Taken as a whole, this trend can be described as a trend toward modeling, the act of creating representations of real-world concepts that are internally translated into the representations that computer systems (like database engines) inherently understand.

What’s key here is that modeling itself is something that takes place outside of the database, in large part because data often spans multiple databases and multiple formats. Thus what matters is the richness of the pipeline between what's in the data store and what runs outside that store.

Increasing that richness is the purpose of Microsoft's next wave of investments beyond further enhancements to the Entity Framework and Data Services (see Entity Framework futures and Data Services futures), namely a body of technologies collectively called the SQL Server Modeling CTP (Community Technology Preview). Rather than replacing existing data development methods, these technologies introduce new ways of working with SQL Server databases along with greater availability of metadata alongside the data itself.

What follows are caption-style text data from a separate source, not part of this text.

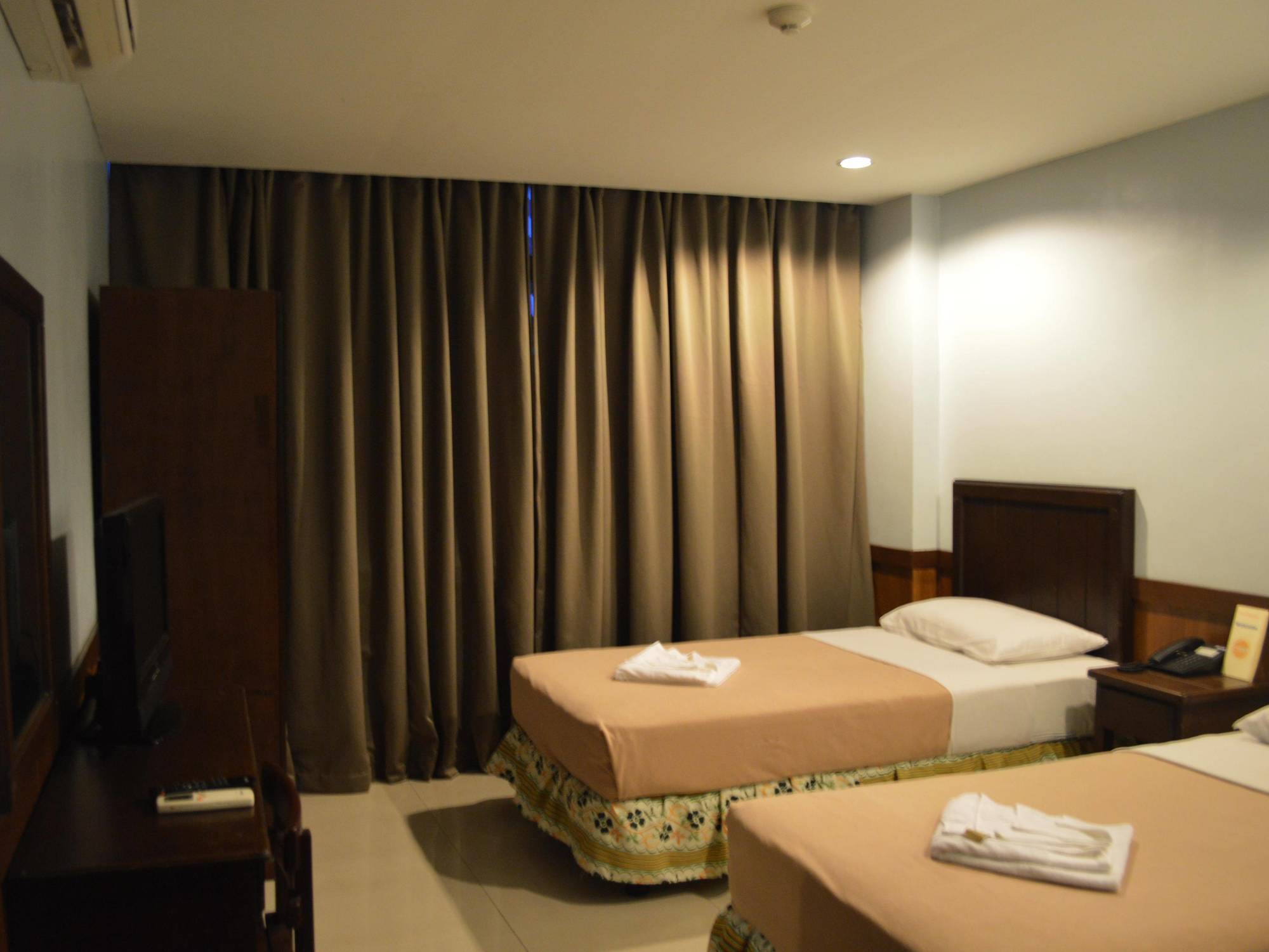 Alu Hotel Davao Exterior photo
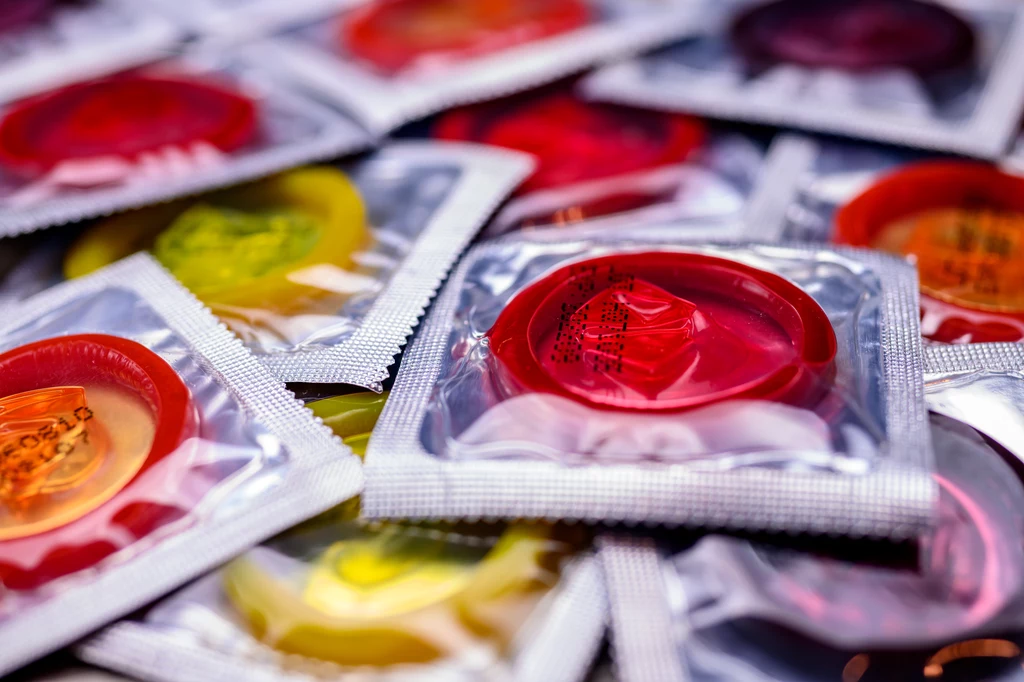 Stealthingiem określa się potajemne zdejmowanie prezerwatywy podczas stosunku, a więc „non-consensual condom removal”
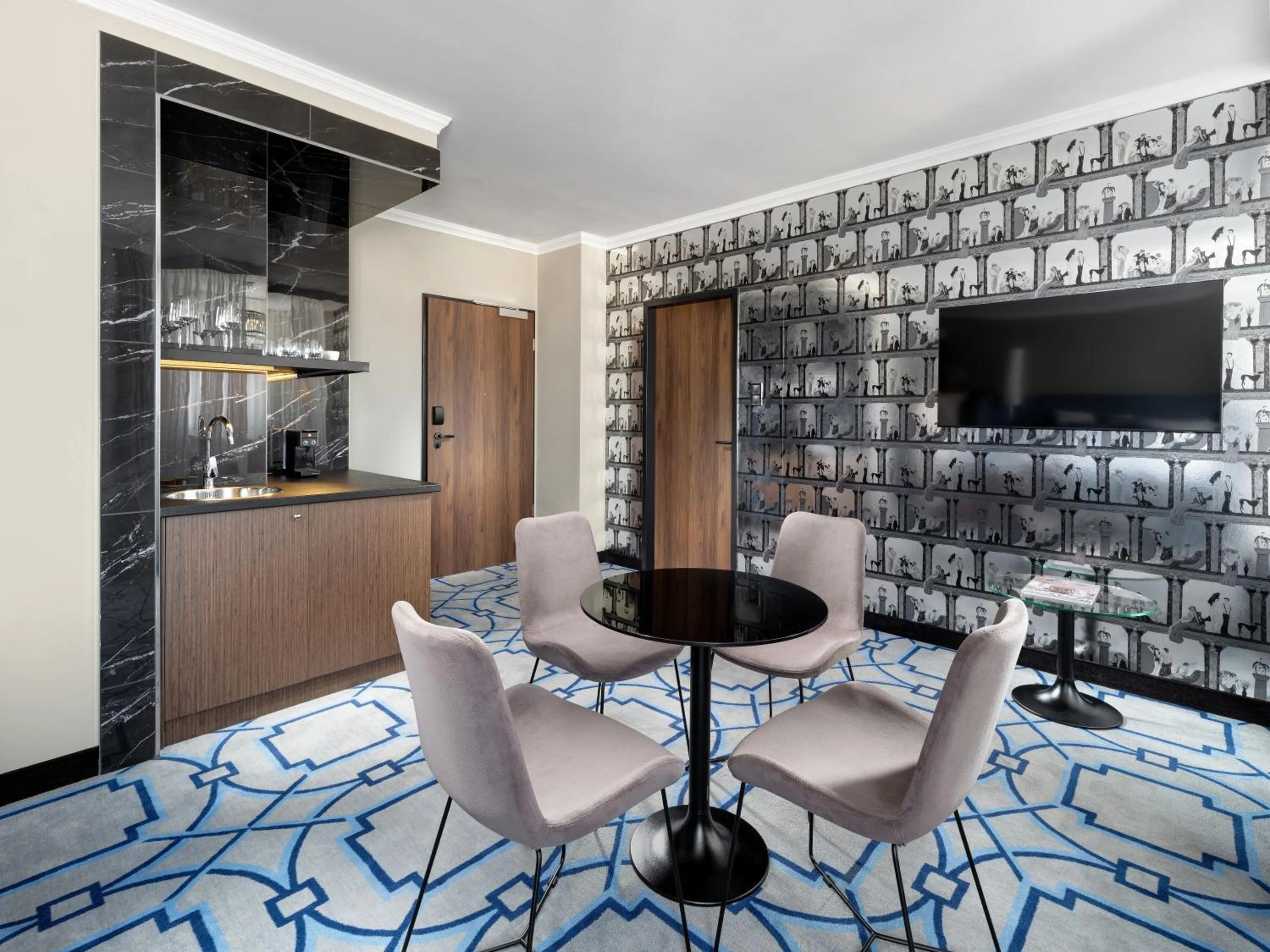 Kitchen or kitchenette in Mamaison Hotel Chain Bridge Budapest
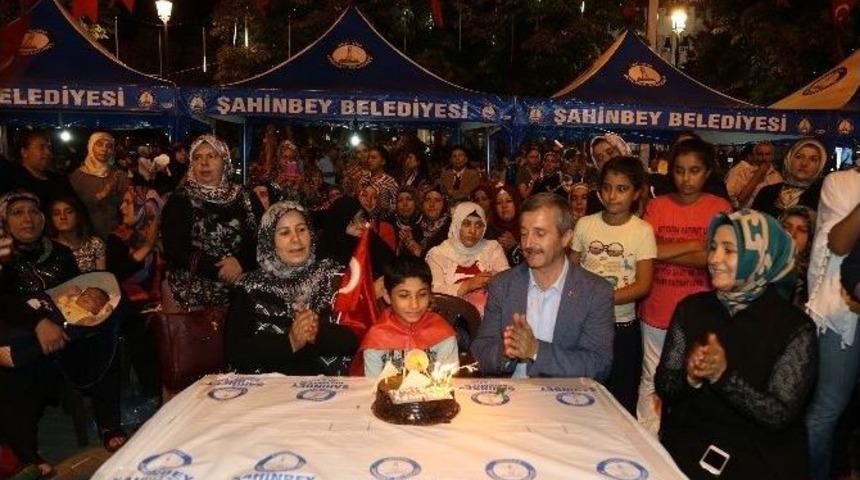 Demokrasi Meydanı&rsquo;nda Doğum G&uuml;n&uuml; Kutlaması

Metadata—or information about data and applications—is the key to the next advances in developer productivity with data-oriented applications. Modeling, in other words, is a recognition that data about an application, and data about data, is just as important as the application and data themselves. And the components of the SQL Server Modeling CTP, shown in Figure 10 as a projection from Figure 9, are the ways in which Microsoft is beginning to explore this new territory.

History_Futures_1.png

Figure 10: Future technologies in the SQL Server Modeling CTP.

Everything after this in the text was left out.